Latest data from the Bangko Sentral ng Pilipinas (BSP) showed thrift banks’ net profit rose by 11.8 percent to P5.86 billion in the first quarter from P5.24 billion in the same quarter last year.
Total operating income jumped by 27.6 percent to P28.84 billion, supported by a 24.7-percent increase in net interest income to P24.77 billion. Non-interest income climbed by 48.7 percent to P4.06 billion, while fees and commissions more than doubled to P3.62 billion.
Araneta said the industry’s latest performance shows thrift banks are not merely growing, but strengthening their role as community-based lenders for households and micro, small and medium enterprises even as competition intensifies from digital banks, fintech firms and electronic money issuers.
“These are not incremental gains.
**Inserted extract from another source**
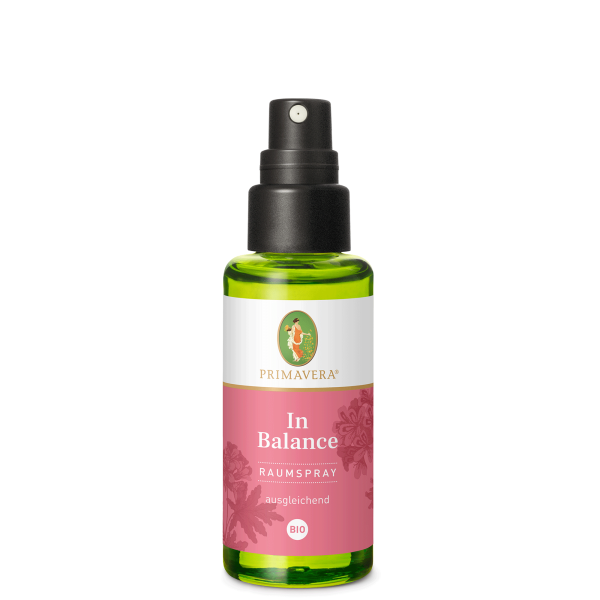 Raumspray In Balance, 50 ml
They are structural signals of strength,” Araneta said. “They show that thrift banks are not only stable, we are expanding responsibly and competitively.”
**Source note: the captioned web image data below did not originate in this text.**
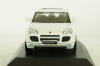 Porsche Cayenne S, white, China 1:43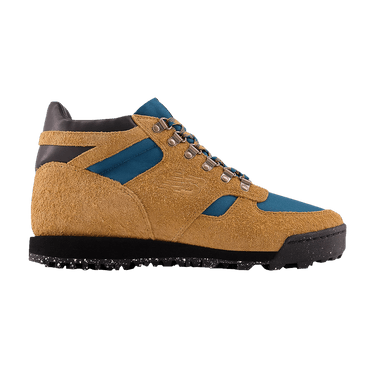New Balance Rainier 'Tan Teal'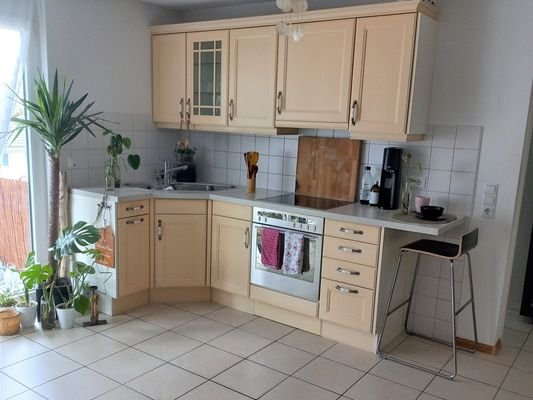Küche Whg 4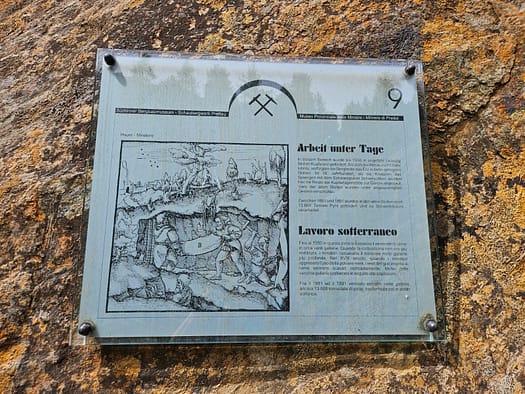 Lenkjöchlhütte 2.603 m (Wanderung) Lenkjoechlhuette 2.603 m Wanderung 7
The sector also continued to expand its balance sheet. Total assets rose by 11 percent to P1.4 trillion as of end-May from P1.27 trillion in the same period last year on the back of steady loan growth, stronger deposits and a wider capital base.
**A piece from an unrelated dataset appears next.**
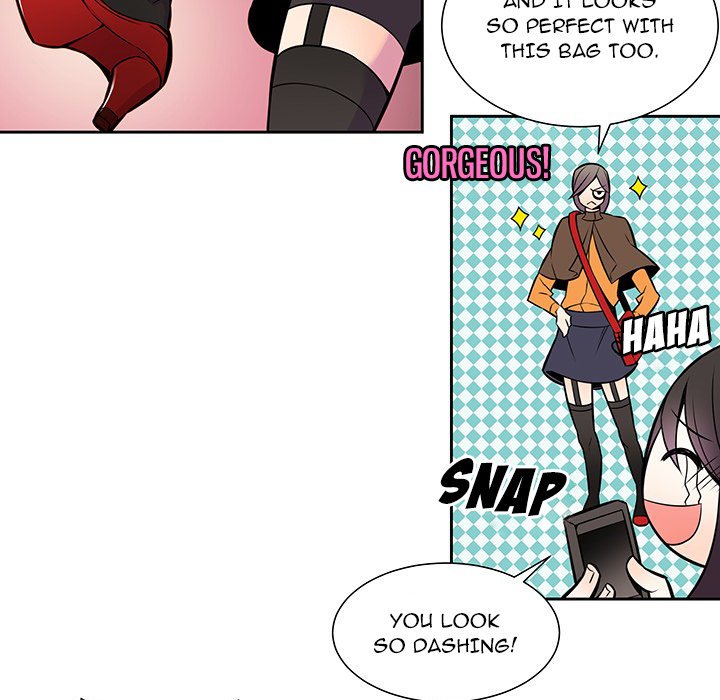EAT ME! - episode 14 - 18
The sector’s gross total loan portfolio grew by 13.4 percent to P1.07 trillion from P939.67 billion a year earlier, reflecting continued demand for credit from households and small businesses.
Deposit liabilities also increased by 10.5 percent to P1.06 trillion from P956.75 billion a year ago, underscoring the sector’s stable funding base despite increasing competition from universal banks, digital banks and electronic money issuers.
“Moving forward, the CTB remains dedicated to partnering with the BSP to advance measures that drive operational efficiencies across the sector,” Araneta said.